Nikhil Rathi, chief executive of the Financial Conduct Authority, warned that fraudsters are luring victims by advertising sham investment schemes online with impunity.
But he said laws proposed by ministers fail to address the problem and urged them to go further.
Crackdown: Nikhil Rathi, chief executive of the Financial Conduct Authority, said fraudsters are luring victims by advertising sham investment schemes with impunity online
The draft Online Safety Bill was unveiled this week but will only tackle fraudulent investment schemes posted by users on social media – leaving out the avalanche of scams being spread through digital ads and websites.
Rathi’s comments echo calls by the Mail and industry groups for online financial scams to be tackled properly by the legislation, by making web giants legally responsible for blocking and removing them.
And it comes as new figures reveal that 96 per cent of investment scams now originate online.
Rathi (pictured) stressed that dealing with scams posted by social media users ‘only captures part of the issue’ and that the Government needs to address digital ads as well.
He told MPs on the Treasury Committee: ‘Online advertising, which is where the fees are generated by the platforms, needs to be looked at very closely as well.
‘It is the adverts that are persuading some of these vulnerable customers to go after high-risk investments and, indeed, scams.
‘People are looking for returns on their money and are tempted by all kinds of opportunities that are presented to them. We would like the Online Safety Bill extended to online advertising.’

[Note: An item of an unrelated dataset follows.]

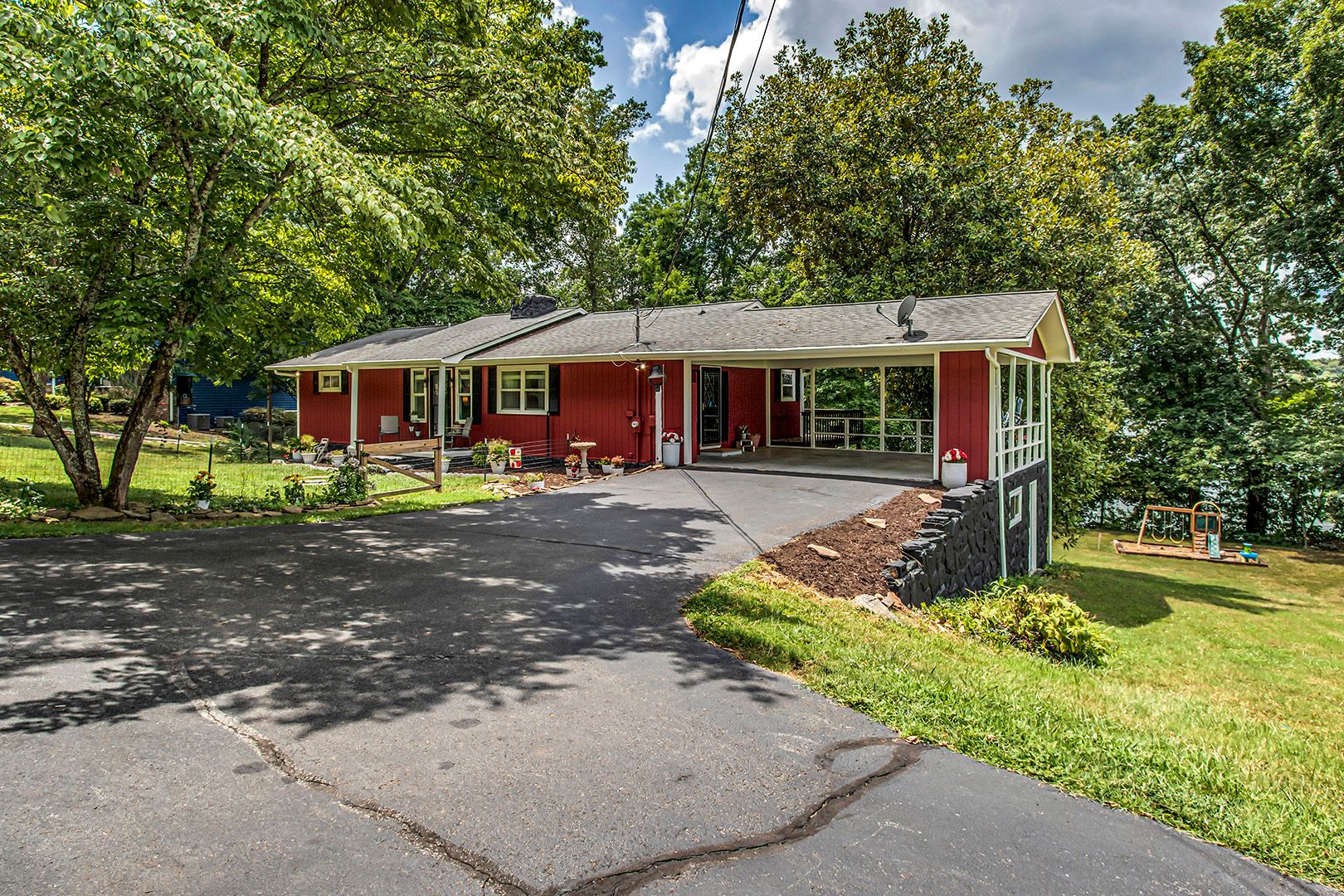 Harriman, Tennessee, 37748, United States, 3 Bedrooms Bedrooms, ,3 BathroomsBathrooms,Residential,For Sale,2011405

The warning is the strongest intervention yet from the City watchdog over the issue.
As previously revealed by the Mail, the FCA is spending nearly £600,000 per year on Google adverts to warn consumers about investment scams.

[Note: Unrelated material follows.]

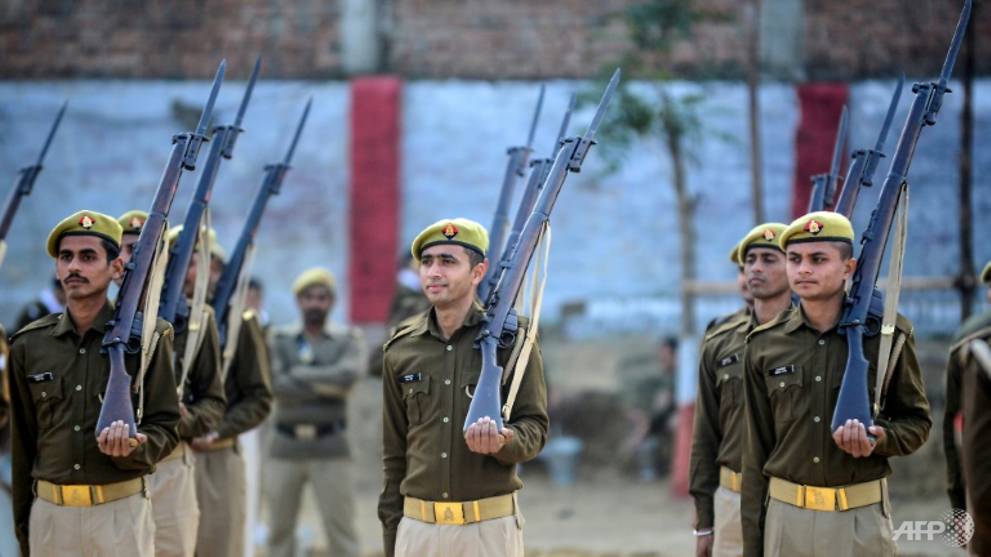 India police decommission historic British-era rifles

But it is locked in a battle with fraudsters who are also spending millions on adverts, while Google makes money from both sides.

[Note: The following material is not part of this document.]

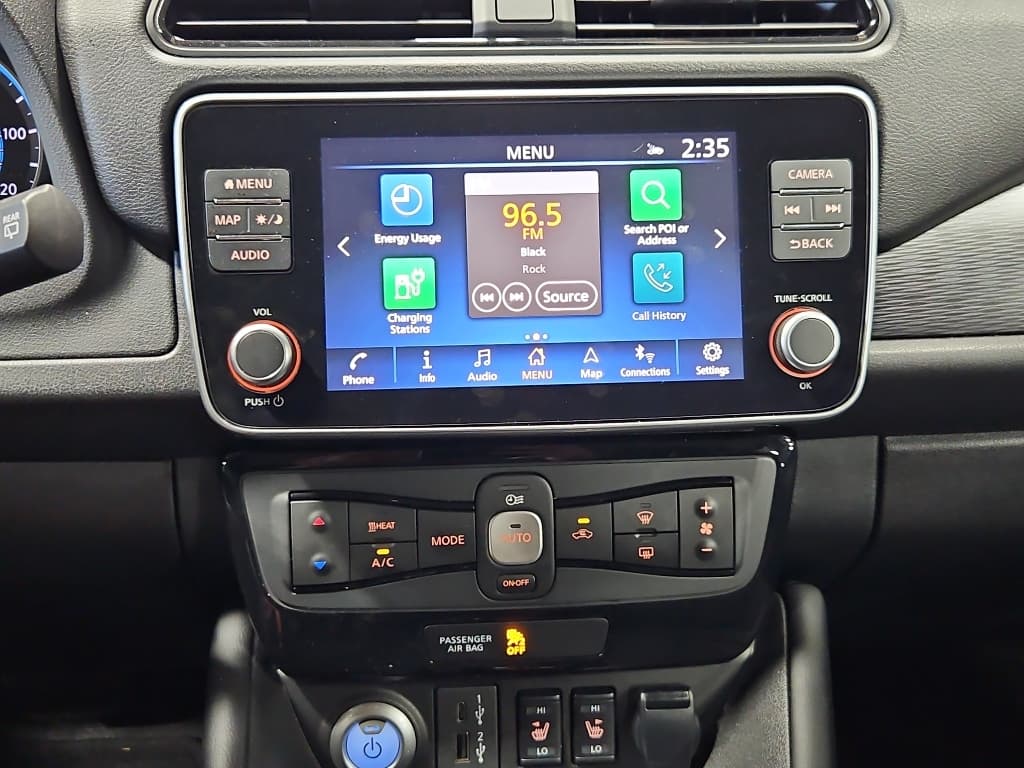 2024 Nissan LEAF view 10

Google insists it is taking measures to ‘tackle the scale of this increasing issue’, including joining a task force set up by banks to exchange information quickly.
But critics say that these voluntary efforts do not go far enough and are calling for the firm and Facebook, the other major digital advertising provider, to be given a legal responsibility for rooting out investment scams from their platforms.
Our Stamp Out Investment Fraud campaign demands that ministers make this part of the Online Safety Bill and is backed by Britain’s biggest banks, insurers and wealth managers.
UK Finance, which represents banks and is supporting the campaign, warned that the vast majority of financial scams now originated online.
This includes a shocking 96 per cent of investment fraud. And UK Finance boss David Postings warned that the proceeds of the ‘devastating’ scams were being used to fund organised crimes like terrorism, drug trafficking and child sexual exploitation.
He added: ‘The banking and finance industry is continuing to tackle fraud on all fronts, but there is a limit to what we can do alone.
‘We’re pleased that the upcoming Online Safety Bill will tackle some aspects of fraud but it won’t protect people from all fraud that takes place online.
‘This leaves a large proportion of the public at high risk of being scammed online, because criminals are experts in adapting their tactics to exploit any loopholes.’